We are looking for a Software Development Engineer II who is a strong, independent builder with growing design maturity. You take ownership of significant features and components, drive them from design through production, and operate them with high standards. You write high-quality code, make sound technical decisions with appropriate trade-offs, and proactively improve the systems you touch. You are developing your ability to influence design direction, mentor junior engineers, and think beyond your immediate deliverables to the health of the broader system.
Key job responsibilities
* Own the design and delivery of significant features and components across scalable, multi-tiered applications and services. Drive projects from requirements through design, implementation, testing, deployment, and production operation.
* Write high-quality, well-tested production code using modern languages, design patterns, and frameworks. Hold yourself and your peers to high standards through thorough code reviews.
* Make sound technical decisions with appropriate trade-offs. Evaluate options for caching, retry strategies, concurrency, and data modeling. Justify your choices and communicate trade-offs clearly.
* Design and build for scale and resilience. Consider failure modes, rate limits, traffic bursts, and downstream dependency health in your designs. Implement patterns like backpressure, circuit breakers, and graceful degradation.
* Own operational excellence for your systems. Monitor production health, respond to alarms, investigate root causes, and drive fixes.

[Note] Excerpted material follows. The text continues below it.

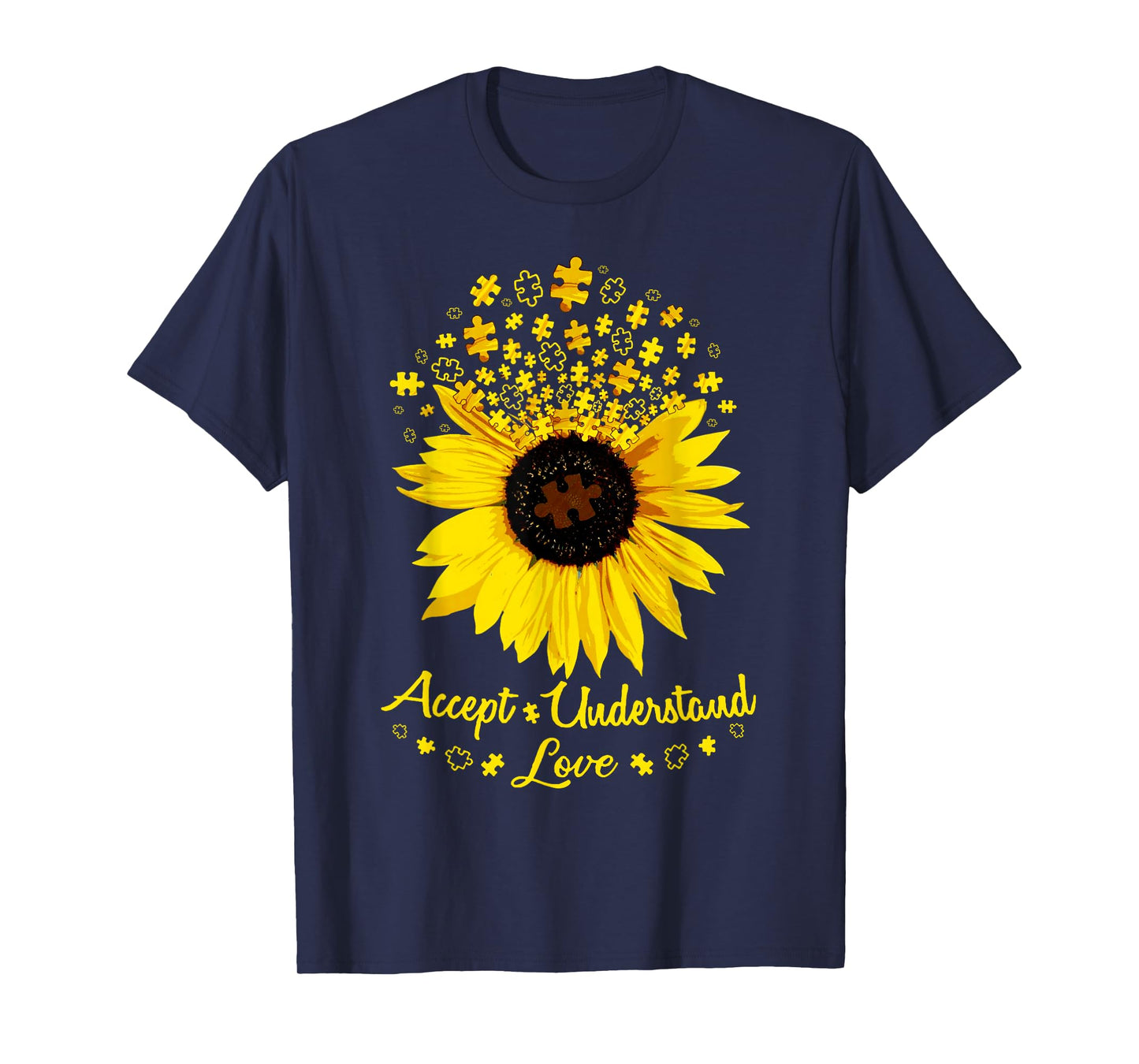Sunflower Accept Understand Love T-Shirt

Write runbooks, improve observability, and reduce operational burden over time.
* Contribute to system-level design discussions.
* Participate actively in design reviews — propose solutions, challenge assumptions, and help the team arrive at better architectures.
* Mentor junior engineers. Support SDE-Is through code reviews, pairing sessions, and technical guidance. Help them grow their skills and develop good engineering habits.
* Understand and translate business requirements.
* Work with stakeholders to understand complex domain rules across punch processing, attendance, scheduling, and compliance. Turn ambiguous requirements into clear technical designs.
* Identify and resolve technical debt proactively.
* Improve code quality, simplify complex logic, optimize performance, and refactor systems to support future growth — without being asked.
* Contribute to team processes and culture.
* Participate in sprint planning, retrospectives, and on-call rotations.
* Raise the bar for engineering practices and help improve team velocity.
A day in the life
You start the day reviewing a design you wrote for a new feature in the compliance system — incorporating feedback from a senior engineer on edge cases around jurisdiction-specific rules. You update the design, get alignment, and start building. Mid-morning, you review a code change from a junior engineer, leaving constructive feedback on error handling and test coverage. After lunch, you investigate a latency spike in one of your services — tracing requests through logs and metrics, identifying a downstream throttling issue, and implementing a retry optimization. You join a design review for a cross-team project, asking questions about failure modes and proposing an alternative caching approach. You close the day deploying your feature to a pre-production environment, validating metrics, and updating the team on progress in standup.
About the team
We are part of Time and Attendance (TAA) within People eXperience Technology (PXT). Our team builds and operates the technology that powers how Amazon tracks, manages, and compensates employee time — globally, across all business lines and geographies.